> _EXERCISE_
Where the line containing "Summer Vibes Sunset Beach Tropical Coaster" appears in the records below, begin there and repeat each line exactly through the final one, dropping all pictures.

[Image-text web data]
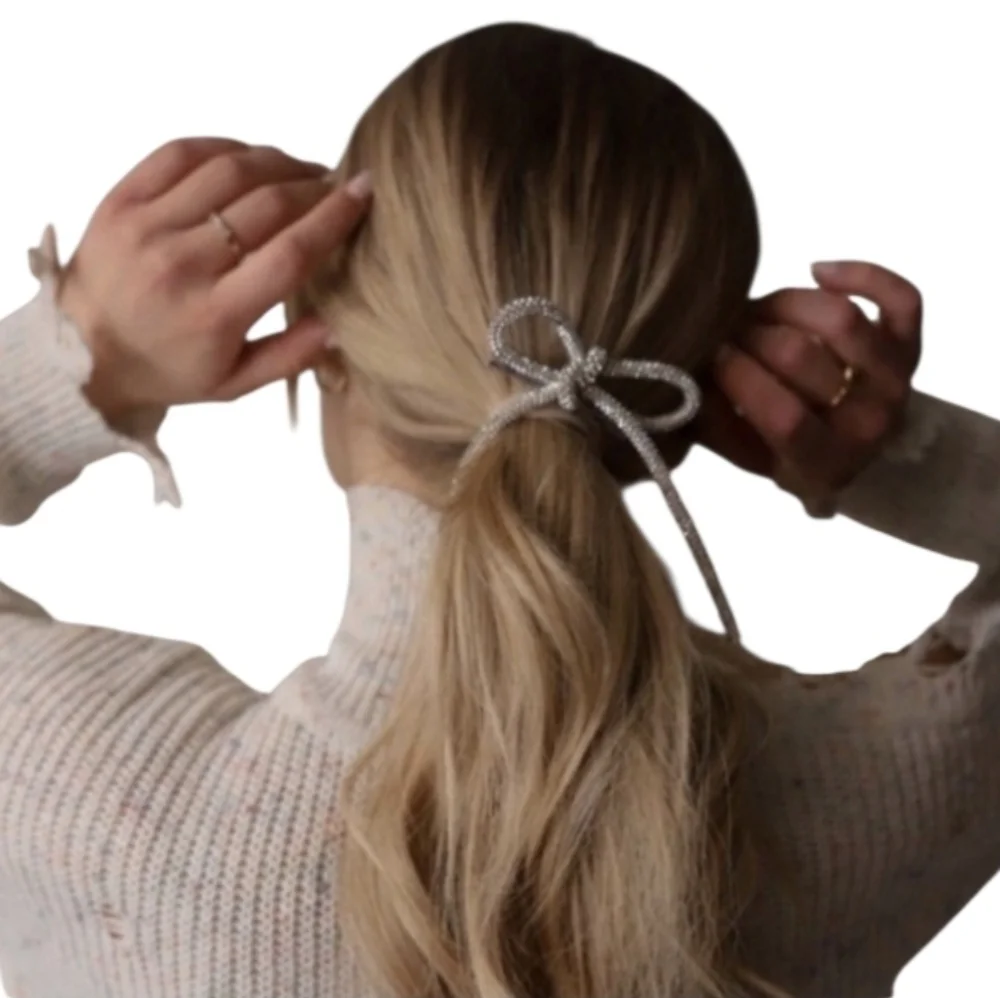 New! Rhinestone Bow Hair Clip Barrette Silver Crystal Glam | NWOT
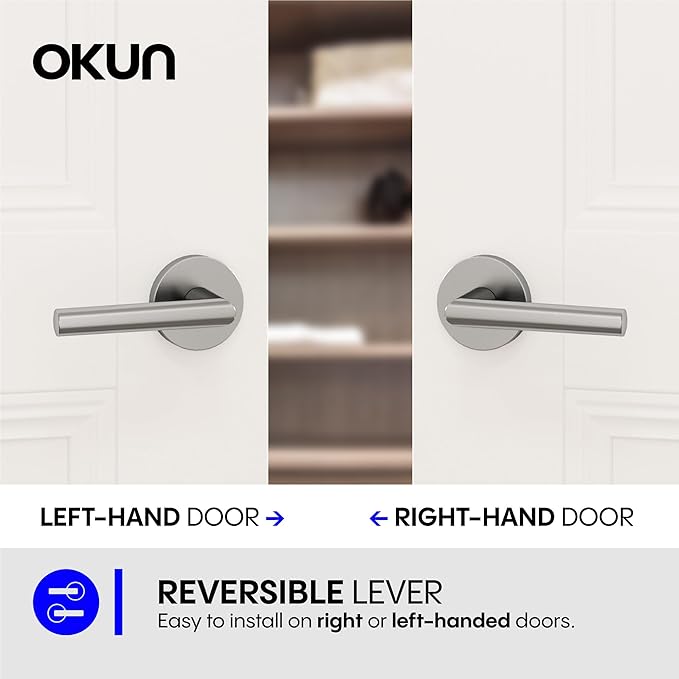 Okun Stark Dummy Door Handle – 1 Pack, Reversible, Non-Turning Lever for Closet, Pantry, or Hallway Doors – Brushed Nickel Finish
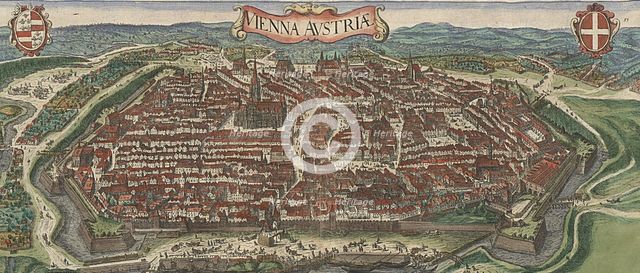 Bird's-eye view of Vienna from North, 1609. Artist: Hoefnagel, Jacob (1575-c. 1630)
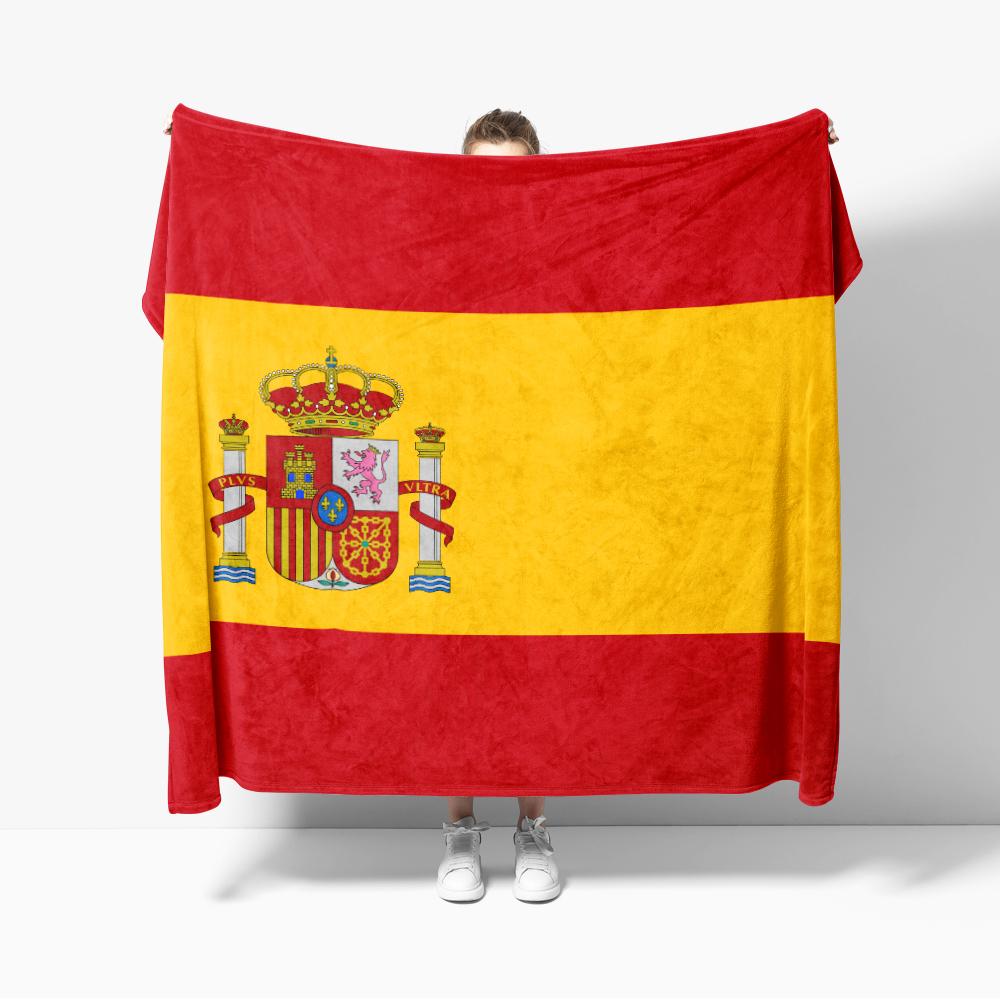Плед из фланели с гербом Испании Испанский флаг Плед-накидка Уютный Мягкий Легкий Теплый 30x40 дюймов 40x50 дюймов для Дивана Кровати 30x40in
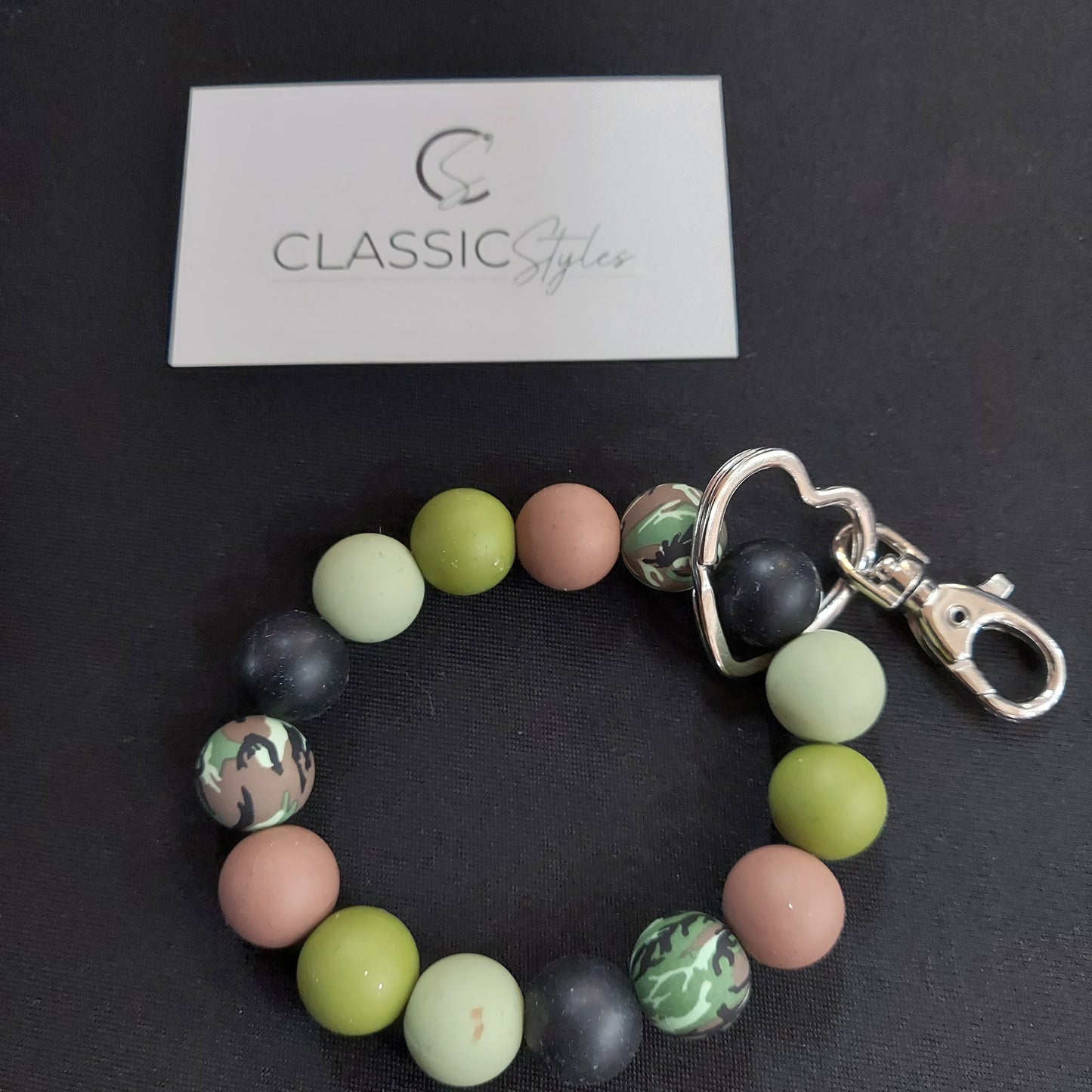 Camouflage Silicone Bead Wristlet Keychain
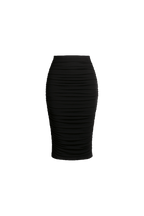 Ruched Midi Skirt - EMMYDEVEAUX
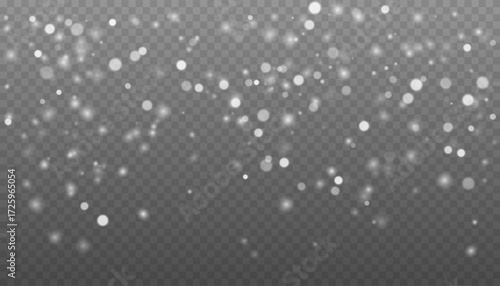 Subtle white and silver bokeh background. Abstract winter wallpaper. Falling Snow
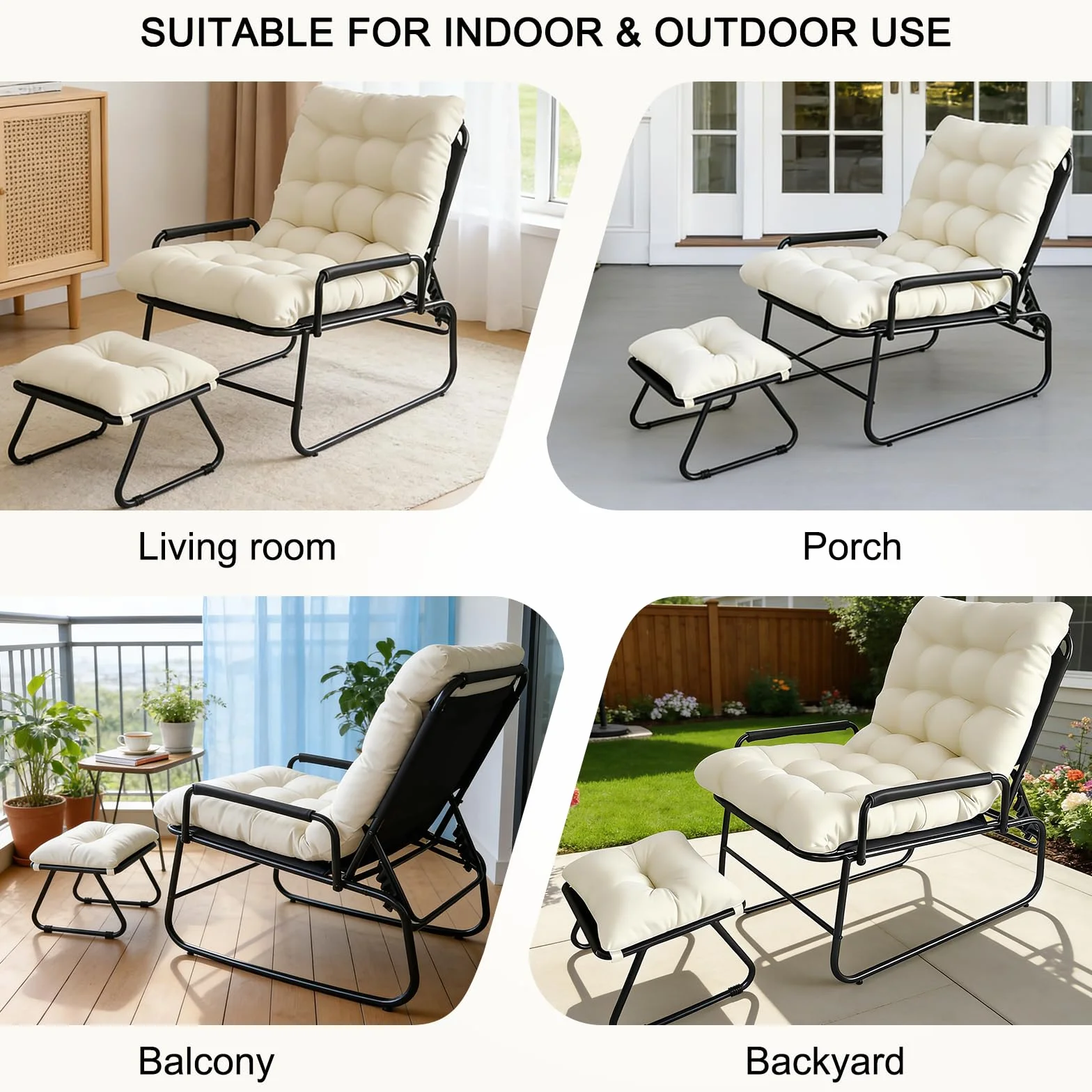 Sdraio da Balcone, Schienale Regolabile in 4 Posizioni, Poltrona Reclinabile con Poggiapiedi, Sdraio da Giardino con Cuscino Sfoderabile, Ideale per Balcone, Giardino e Soggiorno (Beige)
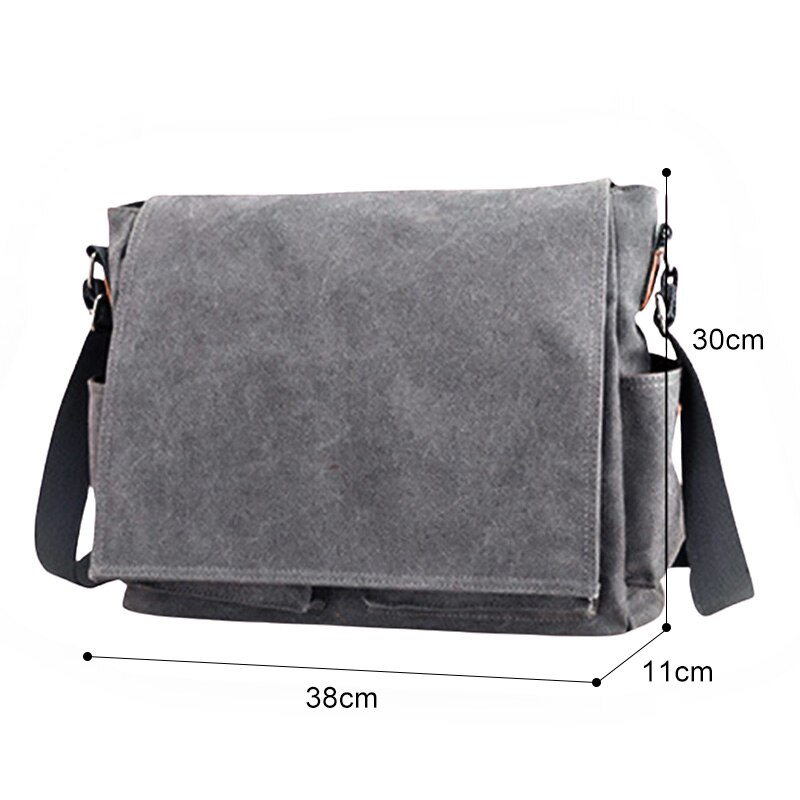 Canvas tas herentas heren grijs bruin effen kleur stoffen schoudertas grote capaciteit heren schoudertas voor laptop computer notebook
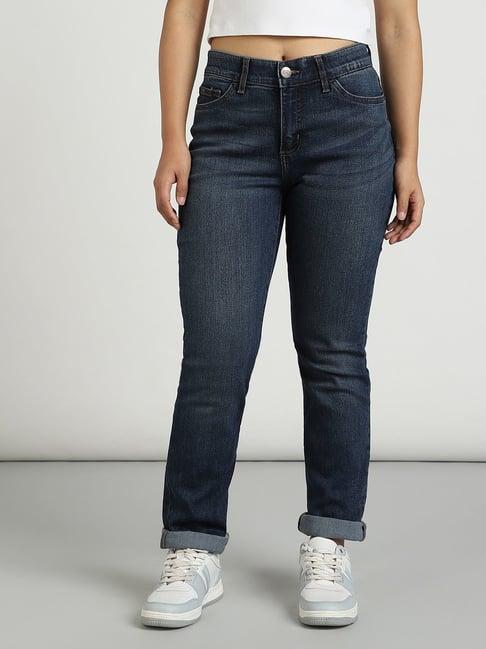 lee blue straight fit mid rise jeans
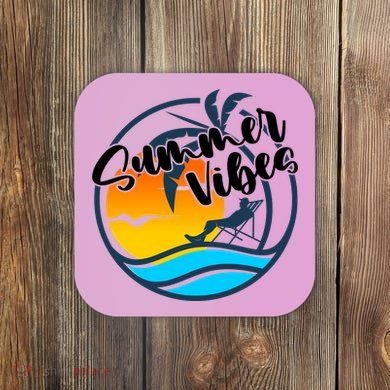 Summer Vibes Sunset Beach Tropical Coaster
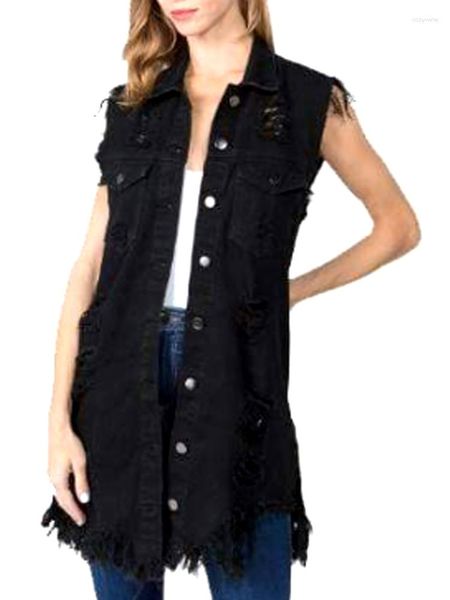 Gilet da donna S-3XL Gilet di jeans di media lunghezza da donna Cappotto cardigan con nappe strappate Giacca di jeans lunga stile High Street senza maniche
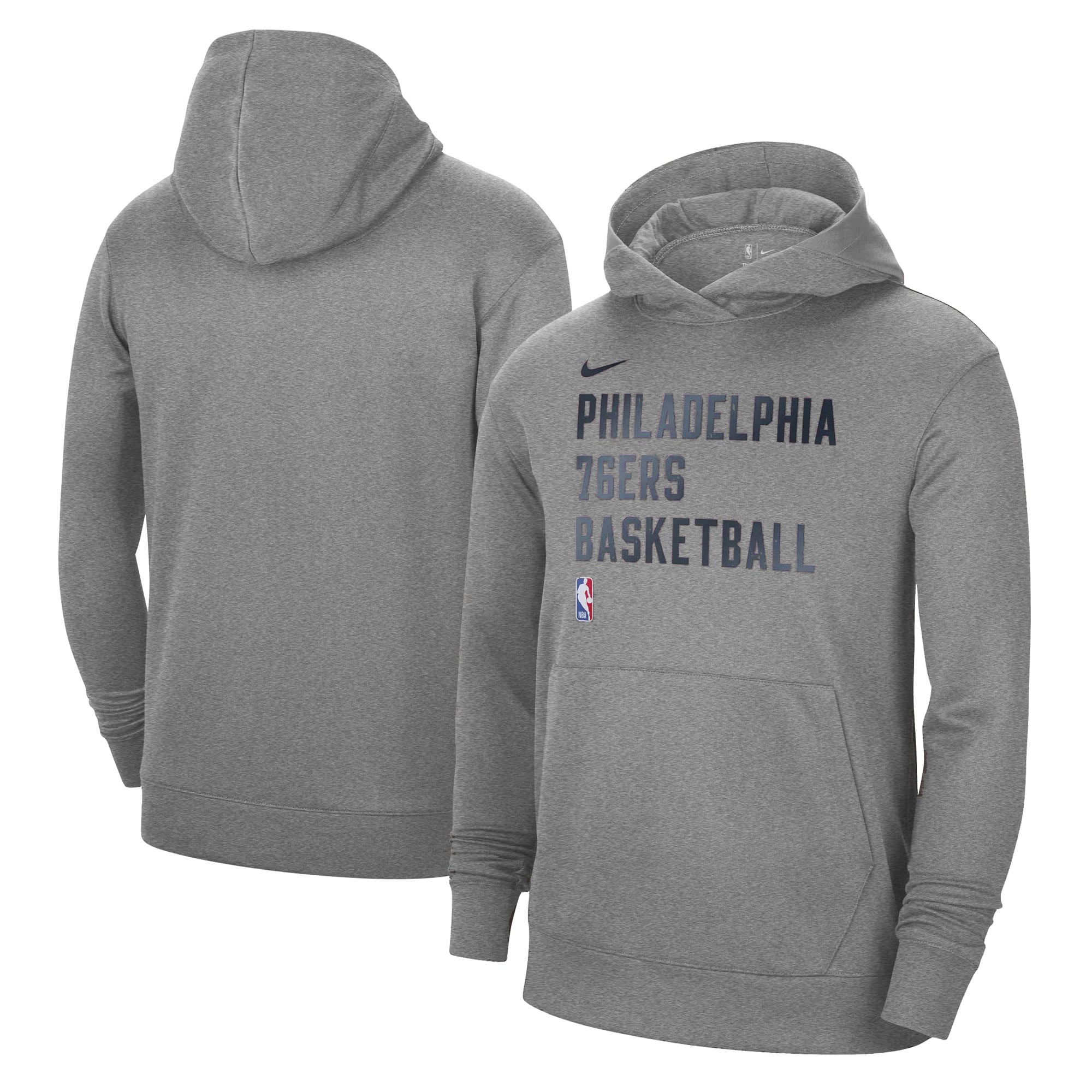 Unisex Nike Heather Gray Philadelphia 76ers 2023/24 Performance Spotlight On-Court Practice Pullover Hoodie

> _ANSWER BOX_
 Summer Vibes Sunset Beach Tropical Coaster
 Gilet da donna S-3XL Gilet di jeans di media lunghezza da donna Cappotto cardigan con nappe strappate Giacca di jeans lunga stile High Street senza maniche
 Unisex Nike Heather Gray Philadelphia 76ers 2023/24 Performance Spotlight On-Court Practice Pullover Hoodie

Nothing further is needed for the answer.